THE TASK
If a line below falls between the line with "Western Blues Striped - Short Pajama Set" and the line with "Nissan OE - Left Engine Mount Bracket", or is one of those two, output it exactly; output nothing else and no pictures.

EXERCISE MATERIALS
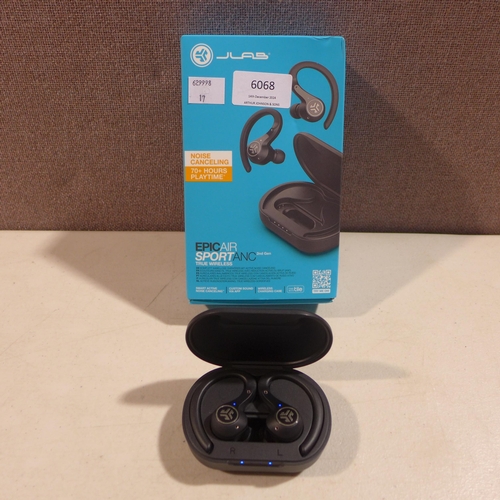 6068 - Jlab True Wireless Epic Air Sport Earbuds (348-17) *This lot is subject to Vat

--

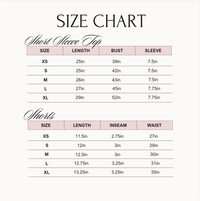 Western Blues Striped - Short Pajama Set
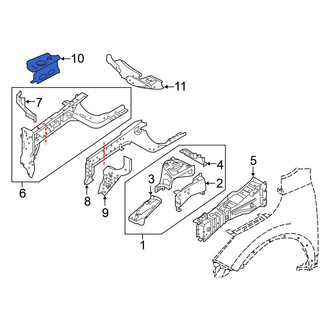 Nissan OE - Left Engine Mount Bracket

RESPONSE AREA
 Western Blues Striped - Short Pajama Set
 Nissan OE - Left Engine Mount Bracket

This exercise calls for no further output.